An East Stroudsburg man convicted of wire fraud and mail fraud was unable to have his sentence reduced from his 2021 conviction after an appeals court denied his request.
MONROE COUNTY, PA | On Tuesday, September 20, 2022, the U.S. Attorney’s Office for the Middle District of Pennsylvania announced that the United States Court of Appeals for the Third Circuit affirmed both the March 26, 2021, wire and mail fraud conviction and 210-month sentence of Anthony Diaz on Monday. The Federal Bureau of Investigation (FBI) investigated the case, and Assistant United States Attorneys Phillip Caraballo and Robert O’Hara prosecuted the case.
According to the United States Attorney Gerard M. Karam, from approximately 2008 through April 2015, Diaz, age 54, formerly of East Stroudsburg, Pennsylvania, owned and operated a financial planning business in East Stroudsburg and Scotrun, Pennsylvania, known as Financial Planners Group of America. During operations, Diaz persuaded clients to invest in high-risk, illiquid “alternative investment products,” even convincing some to invest their life savings in these alternative investments through a series of false representations. These include the assurance of investments being low-risk with guaranteed protection of principle and guaranteed rates of return and that the investments were liquid, giving investors access to their funds in an emergency. Beyond the misrepresentations, Diaz also committed several other frauds. Evidence showed that Diaz was terminated by five broker-dealers and permitted to resign by a sixth broker-dealer. Former employees testified that Diaz ordered them to conceal his firings and lie to the clients about his changes between broker-dealers. Diaz was also suspended by the Certified Financial Planners Board of Standards in 2013 and placed under investigation by the Financial Industry Regulatory Authority and the Pennsylvania Department of Banking, both of whom ultimately barred Diaz from the securities industry in 2015. Concerning this, Diaz’s clients testified that he failed to disclose and then concealed the true nature of his firings, suspension, and regulatory investigations.
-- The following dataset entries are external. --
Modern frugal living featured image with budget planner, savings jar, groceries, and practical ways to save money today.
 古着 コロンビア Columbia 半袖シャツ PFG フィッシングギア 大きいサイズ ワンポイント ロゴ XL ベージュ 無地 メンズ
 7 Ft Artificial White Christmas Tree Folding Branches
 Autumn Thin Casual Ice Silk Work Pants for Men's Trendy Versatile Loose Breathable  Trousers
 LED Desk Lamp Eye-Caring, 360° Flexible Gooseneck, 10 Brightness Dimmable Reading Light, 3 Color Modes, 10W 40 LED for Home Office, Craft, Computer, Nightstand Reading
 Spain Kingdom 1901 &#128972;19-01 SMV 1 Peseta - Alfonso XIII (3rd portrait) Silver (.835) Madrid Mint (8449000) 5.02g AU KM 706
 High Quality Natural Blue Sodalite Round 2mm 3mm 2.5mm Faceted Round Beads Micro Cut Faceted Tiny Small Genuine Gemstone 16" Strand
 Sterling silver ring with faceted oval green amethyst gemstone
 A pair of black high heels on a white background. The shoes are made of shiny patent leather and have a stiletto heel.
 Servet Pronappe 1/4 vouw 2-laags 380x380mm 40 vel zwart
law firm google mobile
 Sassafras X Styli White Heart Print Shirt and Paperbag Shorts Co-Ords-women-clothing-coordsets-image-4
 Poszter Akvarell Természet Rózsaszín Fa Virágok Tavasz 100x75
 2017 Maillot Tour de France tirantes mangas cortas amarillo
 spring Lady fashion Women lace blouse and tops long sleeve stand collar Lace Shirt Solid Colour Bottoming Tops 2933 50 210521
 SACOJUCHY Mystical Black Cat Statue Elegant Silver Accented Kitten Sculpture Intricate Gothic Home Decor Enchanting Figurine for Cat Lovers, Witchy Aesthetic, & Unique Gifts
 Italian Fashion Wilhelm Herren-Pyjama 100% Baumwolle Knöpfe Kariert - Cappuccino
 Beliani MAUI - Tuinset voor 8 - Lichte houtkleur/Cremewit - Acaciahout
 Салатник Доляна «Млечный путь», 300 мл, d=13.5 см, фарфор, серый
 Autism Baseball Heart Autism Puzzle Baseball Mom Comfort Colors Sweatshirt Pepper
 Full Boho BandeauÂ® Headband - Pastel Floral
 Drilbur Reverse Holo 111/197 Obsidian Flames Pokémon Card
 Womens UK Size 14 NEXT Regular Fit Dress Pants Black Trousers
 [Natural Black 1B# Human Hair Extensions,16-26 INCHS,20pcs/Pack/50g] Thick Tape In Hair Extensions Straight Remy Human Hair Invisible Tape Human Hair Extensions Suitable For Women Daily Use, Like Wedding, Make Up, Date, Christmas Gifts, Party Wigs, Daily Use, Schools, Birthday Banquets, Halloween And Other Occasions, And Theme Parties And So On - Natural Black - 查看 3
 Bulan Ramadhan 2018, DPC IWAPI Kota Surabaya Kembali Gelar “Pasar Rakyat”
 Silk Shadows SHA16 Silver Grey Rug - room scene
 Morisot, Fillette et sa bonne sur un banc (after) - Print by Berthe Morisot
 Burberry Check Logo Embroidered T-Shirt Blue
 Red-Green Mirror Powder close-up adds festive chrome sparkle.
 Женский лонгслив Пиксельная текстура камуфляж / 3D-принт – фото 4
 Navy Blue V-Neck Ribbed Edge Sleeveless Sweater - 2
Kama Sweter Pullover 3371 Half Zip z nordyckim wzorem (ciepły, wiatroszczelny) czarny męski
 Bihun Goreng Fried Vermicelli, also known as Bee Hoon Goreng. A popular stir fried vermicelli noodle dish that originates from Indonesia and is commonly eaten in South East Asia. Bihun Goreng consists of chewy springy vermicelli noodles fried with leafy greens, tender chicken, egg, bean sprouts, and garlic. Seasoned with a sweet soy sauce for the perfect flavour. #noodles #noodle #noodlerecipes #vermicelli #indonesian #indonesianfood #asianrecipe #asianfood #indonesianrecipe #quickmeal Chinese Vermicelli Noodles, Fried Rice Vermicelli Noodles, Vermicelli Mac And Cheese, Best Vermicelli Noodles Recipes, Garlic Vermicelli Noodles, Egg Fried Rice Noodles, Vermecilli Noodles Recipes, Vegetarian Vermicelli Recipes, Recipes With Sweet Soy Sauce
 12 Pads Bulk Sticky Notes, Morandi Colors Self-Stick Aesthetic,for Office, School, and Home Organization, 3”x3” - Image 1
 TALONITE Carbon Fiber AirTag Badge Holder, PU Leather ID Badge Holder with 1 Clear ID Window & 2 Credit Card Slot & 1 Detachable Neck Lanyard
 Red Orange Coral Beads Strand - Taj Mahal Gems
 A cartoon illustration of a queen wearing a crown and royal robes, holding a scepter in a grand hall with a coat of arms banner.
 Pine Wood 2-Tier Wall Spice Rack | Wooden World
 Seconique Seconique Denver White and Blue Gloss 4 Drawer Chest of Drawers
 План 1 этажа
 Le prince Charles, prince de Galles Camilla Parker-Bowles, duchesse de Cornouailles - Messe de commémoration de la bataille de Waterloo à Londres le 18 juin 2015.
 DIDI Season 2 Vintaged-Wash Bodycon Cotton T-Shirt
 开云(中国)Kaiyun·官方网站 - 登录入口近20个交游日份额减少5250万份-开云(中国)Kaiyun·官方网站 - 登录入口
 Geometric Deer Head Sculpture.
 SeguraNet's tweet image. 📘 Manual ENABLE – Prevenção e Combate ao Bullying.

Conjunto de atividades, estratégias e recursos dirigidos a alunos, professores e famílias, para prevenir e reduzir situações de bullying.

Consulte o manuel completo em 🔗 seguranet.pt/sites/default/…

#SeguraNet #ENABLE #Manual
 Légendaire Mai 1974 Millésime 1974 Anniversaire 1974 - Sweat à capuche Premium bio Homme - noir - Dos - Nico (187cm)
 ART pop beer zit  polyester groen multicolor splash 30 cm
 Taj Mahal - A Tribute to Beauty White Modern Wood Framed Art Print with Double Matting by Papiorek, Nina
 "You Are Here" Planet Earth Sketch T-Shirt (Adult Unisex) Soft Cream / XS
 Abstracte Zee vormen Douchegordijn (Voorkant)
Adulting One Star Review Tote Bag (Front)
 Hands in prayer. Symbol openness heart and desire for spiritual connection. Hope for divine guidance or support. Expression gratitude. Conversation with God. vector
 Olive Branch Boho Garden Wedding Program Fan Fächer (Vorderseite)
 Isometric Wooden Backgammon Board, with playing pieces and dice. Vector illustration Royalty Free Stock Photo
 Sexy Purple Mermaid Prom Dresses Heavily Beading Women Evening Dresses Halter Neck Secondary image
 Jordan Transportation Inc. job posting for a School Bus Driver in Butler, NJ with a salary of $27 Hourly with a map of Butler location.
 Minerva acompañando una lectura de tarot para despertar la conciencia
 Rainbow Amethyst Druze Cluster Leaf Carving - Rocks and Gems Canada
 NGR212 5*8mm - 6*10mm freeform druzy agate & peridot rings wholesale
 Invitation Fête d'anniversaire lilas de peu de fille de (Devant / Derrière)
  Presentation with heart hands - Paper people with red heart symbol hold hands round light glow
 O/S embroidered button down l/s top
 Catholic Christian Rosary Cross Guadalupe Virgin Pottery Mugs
On appeal, Diaz challenged many aspects of his conviction and sentence. The Court of Appeals remarked, “On appeal, parties sometimes throw everything against the wall to see what sticks. Here, nothing does.” The Court of Appeals upheld the admission of that evidence, finding the concealment of such information from clients to be intrinsic to Diaz’s offenses. Likewise, testimony that Diaz and a former employee destroyed documentation to stymy a regulatory investigation was deemed properly admitted, despite coming to light for the first time mid-trial. The Court of Appeals found that the government properly presented evidence of the full scope of Diaz’s scheme to defraud.
Overall, the Court of Appeals found Diaz’s sentence substantively reasonable, noting that the District Court sentenced him more than four years below his advisory guidelines. In affirming Diaz’s sentence, the Court of Appeals upheld a sentencing enhancement imposed by the District Court for defrauding at least 25 victims. The Court of Appeals likewise upheld four other sentencing enhancements for engaging in a scheme that involved sophisticated means. These include violating securities laws (even though no securities law charge was included in the indictment), having an aggravating role in directing others to engage in criminal activity, and obstruction of justice for committing perjury when testifying during the trial.